Comey has said he had the authority as a private citizen to ask a friend to share details from one of his memos with the news media and that he did nothing wrong. The Justice Department official who would be the one to receive any complaints from Giuliani would presumably be Deputy Attorney General Rod Rosenstein, who appointed Mueller last year in the wake of Comey's firing and was present for Thursday's briefings.
The extraordinary two meetings held Thursday were sought by Trump's GOP allies in Congress and arranged by the White House, as the president has tried to sow suspicions about the legitimacy of the FBI investigation that spawned Mueller's probe.
Trump and his allies have focused on the use of the informant.
"What motivated putting him in? What sort of information were they seeking from him?
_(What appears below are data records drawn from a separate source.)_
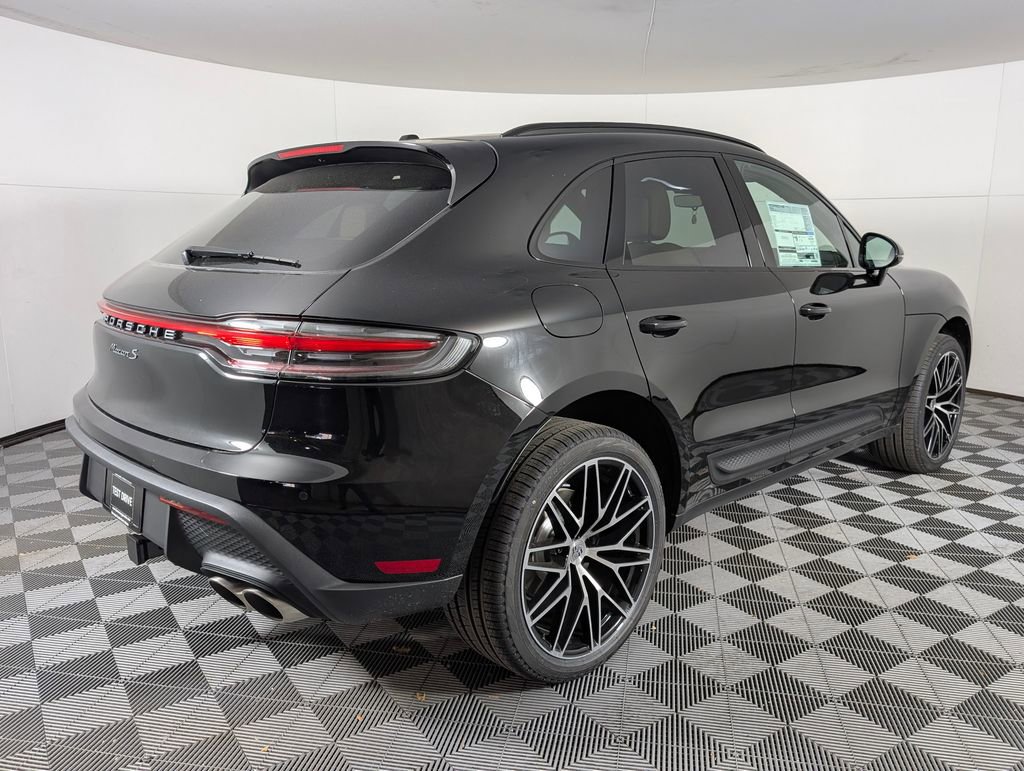 New 2026 Porsche Macan S image 7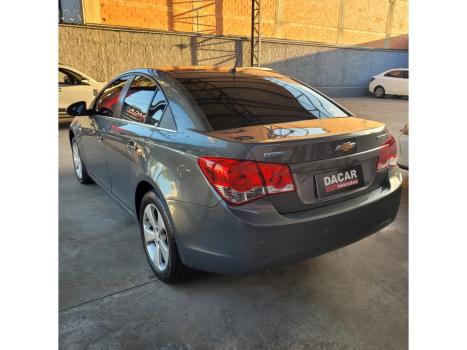 CHEVROLET Cruze Sedan 1.8 16V 4P LT ECOTEC FLEX AUTOMTICO, Foto 6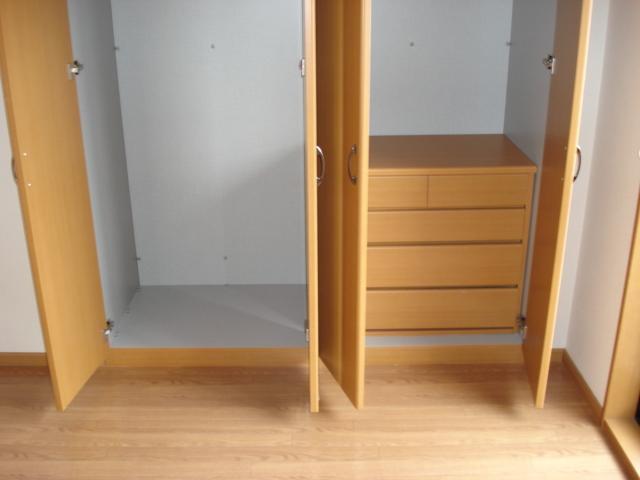 アルビレオパーク 部屋画像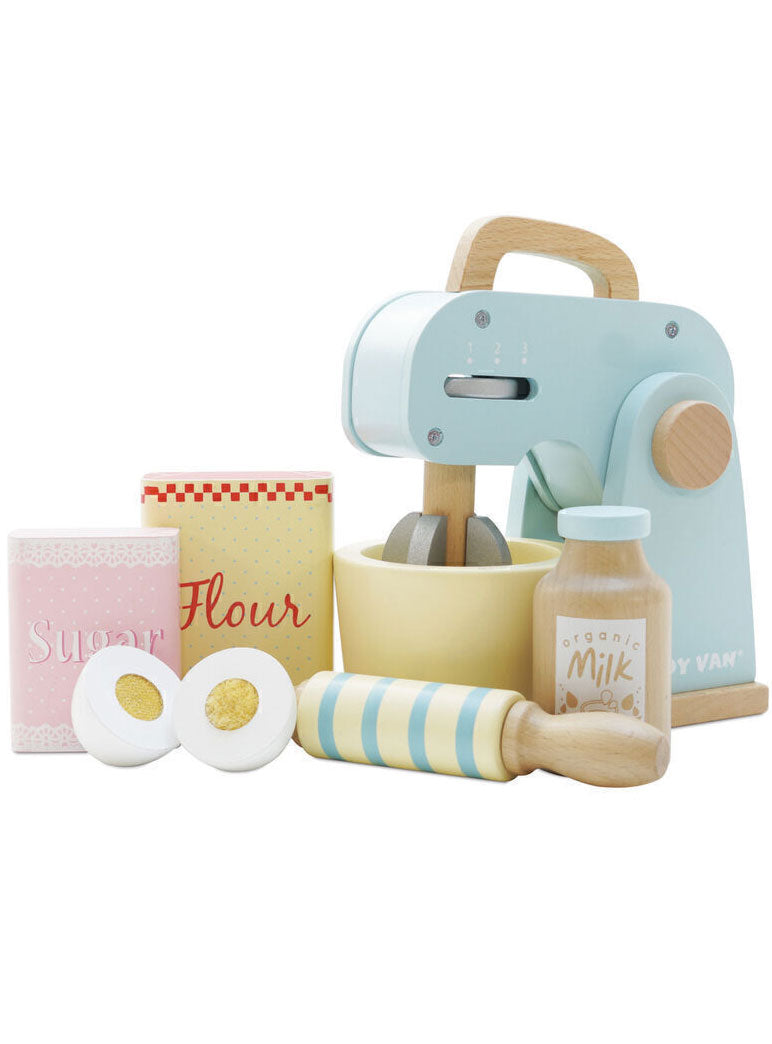 Childrens Wooden Baker Set - Main Image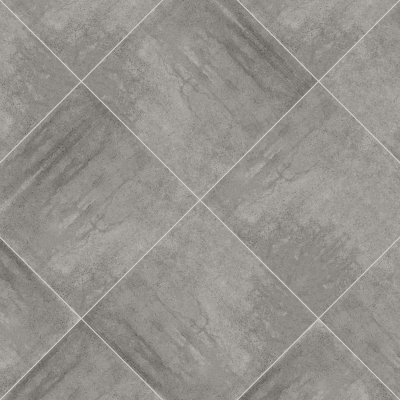 Qualis Ceramica Industria 24x24 Chromium - Herringbone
What did they get?" Giuliani asked Friday. "They clearly did not get incriminating information or we'd have found out about it by now. And why did they hide it for so long? There's a big concealment that went on here for over a year since the president said he had been surveilled."
Democrats emerged from the meetings saying they saw no evidence to support Republican allegations that the FBI acted inappropriately. Republican Sen. Lindsey Graham of South Carolina was not in the meetings but, in a radio interview Friday, broke with the president to say that a "confidential informant is not a spy."
Initially offered only to Republicans, the briefings were the latest piece of stagecraft meant to publicize and bolster the allegations. But they also highlighted the degree to which the president and his allies have used the levers of the federal government — in this case, intelligence agencies — to aide in Trump's personal and political defense.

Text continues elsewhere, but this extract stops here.